[RFC] page cache drop-behind

* [RFC] page cache drop-behind
@ 2020-06-10  2:39 Matthew Wilcox
  2020-06-11 20:30 ` Andres Freund
  0 siblings, 1 reply; 2+ messages in thread
From: Matthew Wilcox @ 2020-06-10  2:39 UTC (permalink / raw)
  To: linux-mm, linux-fsdevel; +Cc: Andres Freund


Andres reported a problem recently where reading a file several times
the size of memory causes intermittent stalls.  My suspicion is that
page allocation eventually runs into the low watermark and starts to
do reclaim.  Some shrinkers take a long time to run and have a low chance
of actually freeing a page (eg the dentry cache needs to free 21 dentries
which all happen to be on the same pair of pages to free those two pages).

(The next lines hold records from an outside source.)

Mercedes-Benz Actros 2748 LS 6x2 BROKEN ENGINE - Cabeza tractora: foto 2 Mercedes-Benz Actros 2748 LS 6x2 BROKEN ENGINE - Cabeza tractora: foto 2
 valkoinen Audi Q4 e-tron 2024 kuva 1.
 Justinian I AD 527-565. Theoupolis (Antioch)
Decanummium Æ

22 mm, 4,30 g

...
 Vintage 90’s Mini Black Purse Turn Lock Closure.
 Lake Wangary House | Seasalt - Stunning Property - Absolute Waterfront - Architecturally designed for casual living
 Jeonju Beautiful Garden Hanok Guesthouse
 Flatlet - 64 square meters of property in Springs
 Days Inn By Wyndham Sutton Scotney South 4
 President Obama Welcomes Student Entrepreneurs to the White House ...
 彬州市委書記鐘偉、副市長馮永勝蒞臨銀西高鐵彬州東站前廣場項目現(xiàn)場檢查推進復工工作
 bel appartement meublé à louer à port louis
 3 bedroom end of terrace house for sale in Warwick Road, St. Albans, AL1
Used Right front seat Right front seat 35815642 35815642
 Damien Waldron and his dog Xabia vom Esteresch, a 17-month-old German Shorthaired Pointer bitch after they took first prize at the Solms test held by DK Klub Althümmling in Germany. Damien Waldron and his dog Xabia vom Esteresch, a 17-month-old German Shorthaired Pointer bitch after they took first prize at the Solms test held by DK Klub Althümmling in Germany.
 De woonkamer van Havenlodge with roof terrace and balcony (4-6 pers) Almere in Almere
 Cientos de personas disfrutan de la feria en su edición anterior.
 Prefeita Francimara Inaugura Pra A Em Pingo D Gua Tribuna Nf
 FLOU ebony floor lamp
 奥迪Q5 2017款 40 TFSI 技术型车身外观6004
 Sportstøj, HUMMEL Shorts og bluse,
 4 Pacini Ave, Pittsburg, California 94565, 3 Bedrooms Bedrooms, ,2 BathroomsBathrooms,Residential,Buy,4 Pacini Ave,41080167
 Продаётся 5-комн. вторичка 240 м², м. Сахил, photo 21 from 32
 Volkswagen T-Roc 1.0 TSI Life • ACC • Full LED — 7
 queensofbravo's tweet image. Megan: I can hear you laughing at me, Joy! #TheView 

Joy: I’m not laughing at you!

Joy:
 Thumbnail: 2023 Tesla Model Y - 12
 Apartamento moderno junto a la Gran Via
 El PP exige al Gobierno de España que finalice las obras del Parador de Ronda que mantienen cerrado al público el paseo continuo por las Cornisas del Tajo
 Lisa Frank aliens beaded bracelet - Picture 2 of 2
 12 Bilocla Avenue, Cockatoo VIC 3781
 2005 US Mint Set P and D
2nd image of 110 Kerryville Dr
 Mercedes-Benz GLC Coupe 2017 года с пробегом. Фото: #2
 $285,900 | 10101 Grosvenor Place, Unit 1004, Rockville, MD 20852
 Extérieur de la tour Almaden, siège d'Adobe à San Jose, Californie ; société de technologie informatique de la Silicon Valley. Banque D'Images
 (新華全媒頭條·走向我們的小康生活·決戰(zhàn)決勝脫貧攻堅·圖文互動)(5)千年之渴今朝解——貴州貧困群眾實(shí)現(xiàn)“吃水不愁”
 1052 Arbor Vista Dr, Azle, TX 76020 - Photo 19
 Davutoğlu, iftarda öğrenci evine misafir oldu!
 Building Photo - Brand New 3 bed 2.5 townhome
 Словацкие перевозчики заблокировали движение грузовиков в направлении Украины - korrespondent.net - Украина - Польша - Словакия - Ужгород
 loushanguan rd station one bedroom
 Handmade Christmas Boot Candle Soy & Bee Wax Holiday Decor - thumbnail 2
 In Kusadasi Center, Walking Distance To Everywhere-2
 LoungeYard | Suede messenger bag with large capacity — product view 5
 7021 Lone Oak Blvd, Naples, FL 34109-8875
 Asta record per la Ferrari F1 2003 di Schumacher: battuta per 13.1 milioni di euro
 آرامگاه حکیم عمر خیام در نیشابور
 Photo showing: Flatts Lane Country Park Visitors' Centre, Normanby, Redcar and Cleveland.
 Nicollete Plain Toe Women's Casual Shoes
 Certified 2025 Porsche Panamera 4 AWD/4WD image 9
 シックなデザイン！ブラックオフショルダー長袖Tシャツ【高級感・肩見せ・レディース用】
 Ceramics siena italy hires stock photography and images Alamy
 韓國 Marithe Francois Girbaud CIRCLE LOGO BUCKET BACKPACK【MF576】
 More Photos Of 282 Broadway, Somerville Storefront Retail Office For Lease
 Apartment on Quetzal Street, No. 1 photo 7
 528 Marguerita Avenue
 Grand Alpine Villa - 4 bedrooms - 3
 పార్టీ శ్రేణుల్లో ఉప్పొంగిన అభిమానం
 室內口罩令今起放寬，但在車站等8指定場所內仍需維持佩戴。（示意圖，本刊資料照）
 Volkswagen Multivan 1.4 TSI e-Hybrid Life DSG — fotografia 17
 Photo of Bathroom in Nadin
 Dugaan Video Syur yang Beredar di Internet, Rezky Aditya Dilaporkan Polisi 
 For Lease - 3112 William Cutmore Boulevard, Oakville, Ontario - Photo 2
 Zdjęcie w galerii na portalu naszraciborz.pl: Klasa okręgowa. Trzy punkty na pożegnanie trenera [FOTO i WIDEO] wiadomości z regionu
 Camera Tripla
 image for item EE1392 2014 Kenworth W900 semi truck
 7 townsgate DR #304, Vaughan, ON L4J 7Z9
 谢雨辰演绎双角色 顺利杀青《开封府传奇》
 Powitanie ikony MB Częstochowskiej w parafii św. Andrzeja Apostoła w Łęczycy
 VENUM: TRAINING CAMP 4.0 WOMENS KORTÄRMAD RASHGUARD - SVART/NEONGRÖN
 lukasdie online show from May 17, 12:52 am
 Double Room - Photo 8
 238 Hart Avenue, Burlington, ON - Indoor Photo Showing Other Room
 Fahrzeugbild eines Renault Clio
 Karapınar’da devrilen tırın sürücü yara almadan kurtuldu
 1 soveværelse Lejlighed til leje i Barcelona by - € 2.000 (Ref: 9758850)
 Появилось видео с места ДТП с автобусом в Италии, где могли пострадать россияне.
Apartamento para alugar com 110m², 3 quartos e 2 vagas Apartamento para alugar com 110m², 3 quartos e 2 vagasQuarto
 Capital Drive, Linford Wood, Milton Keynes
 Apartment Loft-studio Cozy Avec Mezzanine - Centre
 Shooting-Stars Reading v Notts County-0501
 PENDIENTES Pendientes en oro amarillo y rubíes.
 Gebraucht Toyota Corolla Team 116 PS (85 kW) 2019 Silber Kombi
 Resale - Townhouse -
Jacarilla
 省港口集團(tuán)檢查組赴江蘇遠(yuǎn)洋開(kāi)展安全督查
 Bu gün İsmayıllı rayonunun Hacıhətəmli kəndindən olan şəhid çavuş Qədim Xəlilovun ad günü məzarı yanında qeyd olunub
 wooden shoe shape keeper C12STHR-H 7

This patch attempts to free pages from the file that we're currently
reading from if there are no pages readily available.  If that doesn't
work, we'll run all the shrinkers just as we did before.

This should solve Andres' problem, although it's a bit narrow in scope.
It might be better to look through the inactive page list, regardless of
which file they were allocated for.  That could solve the "weekly backup"
problem with lots of little files.

I'm not really set up to do performance testing at the moment, so this
is just me thinking hard about the problem.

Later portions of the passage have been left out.